The cliffhanger at the end of "Pluribus" season 1, episode 5 ("Got Milk") teased it, and this week confirms it: The liquid in the Others' milk cartons is people. Well, parts of it, at least. The huge discovery at the end of Carol Sturka's (the superb Rhea Seehorn) admittedly clever detective work is a gigantic cold storage where chopped-up human bits wait to become ingredients in a nutrient mulch, dispensed to members of the hive mind in handy milk cartons. 

As /Film's Devin Meenan has pointed out, the show's hive-minded "pod people," Others, make Pluribus come across as a secret remake of the sci-fi classic "Invasion of the Body Snatchers." The reveal that the hive mind has added human remains to its diet is a nod to another old-school science fiction great, "Soylent Green" (1973). Set in the distant future of the year, uh, 2022, Richard Fleischer's film stars Charlton Heston as Robert Thorn, a detective whose investigations lead him to the horrible truth behind the movie's corporate-controlled dystopia: that Soylent Green, the supposedly plankton-based food that's taking over as humanity's favored source of nutrition, is actually made from human remains. 
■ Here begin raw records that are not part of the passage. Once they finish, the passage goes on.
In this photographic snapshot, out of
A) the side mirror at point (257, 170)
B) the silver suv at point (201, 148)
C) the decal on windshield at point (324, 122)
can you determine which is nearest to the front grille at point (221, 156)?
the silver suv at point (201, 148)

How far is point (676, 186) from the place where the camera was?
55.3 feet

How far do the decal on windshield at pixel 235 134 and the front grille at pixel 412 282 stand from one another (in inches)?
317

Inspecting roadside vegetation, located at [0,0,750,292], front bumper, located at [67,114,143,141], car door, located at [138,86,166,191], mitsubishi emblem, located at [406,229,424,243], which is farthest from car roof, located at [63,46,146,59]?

Heston's desperate "Soylent Green is people!" remains one of the most iconic lines in science fiction, and Carol certainly treats the discovery with similar severity. Unbeknownst to her, of course, all the immune people who actually communicate with the Others already know about the situation, and it's not quite as ominous as it appears to be ... but the fact that Carol eventually gets the wind taken out of her sails doesn't make the initial reveal and the obvious "Soylent Green" homage any less effective.
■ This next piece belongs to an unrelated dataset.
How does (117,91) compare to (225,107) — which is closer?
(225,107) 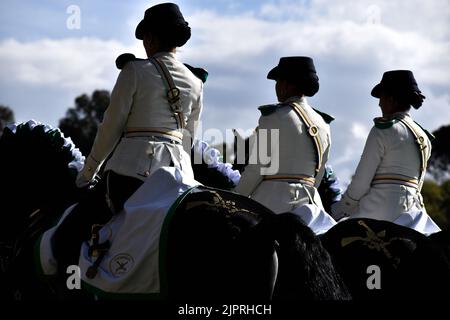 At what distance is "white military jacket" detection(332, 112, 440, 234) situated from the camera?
9.17 meters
The Others are what they eat, but they don't particularly like it

To their credit, the Others aren't particularly happy about feeding on their dead, either. As hive mind member John Cena's handy explainer video points out, they find the situation just as unpalatable as Koumba Diabaté (Samba Schutte) and Carol do, and use corpses as just one ingredient of their carton-packed nutrition smoothies instead of going full cannibal. 
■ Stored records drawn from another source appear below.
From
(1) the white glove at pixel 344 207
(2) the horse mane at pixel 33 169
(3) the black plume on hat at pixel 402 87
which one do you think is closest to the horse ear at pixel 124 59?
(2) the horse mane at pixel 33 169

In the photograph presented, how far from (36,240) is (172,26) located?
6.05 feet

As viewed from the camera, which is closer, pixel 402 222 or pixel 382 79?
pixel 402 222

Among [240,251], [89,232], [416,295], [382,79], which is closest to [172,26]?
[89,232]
Still, beggars can't be choosers. Despite the Others' extreme aversion to taking animal and plant lives, they need to get their sustenance somewhere. Since they're effectively reduced to foraging and people keep dying anyway — and, thanks to the massive casualties of the hive mind's "Joining" and Carol's later contributions that turned her into the most dangerous Vince Gilligan protagonist, have been doing so at a particularly massive rate as of late — it makes a grim sort of sense to put their remains to good use in a situation where food supplies can't be readily replenished. 

The matter of diminishing resources, incidentally, raises some interesting questions about the future of humanity. Unless a solution emerges, the world will eventually face a situation where it will find out first-hand whether a billions-strong hive mind where virtually every member is slowly starving to death can still be as benevolent as it currently seems to be. After all, the Others have already shown a measure of displeasure toward Carol by eyeballing her and eventually avoiding her altogether after she tried too hard to find out how to "fix" them in episode 4 ("Please, Carol"), so they can feel things that aren't just pure bliss. It remains to be seen how happy their changed brain chemistry can keep them if they all get hungry enough. 

"Pluribus" is streaming on Apple TV.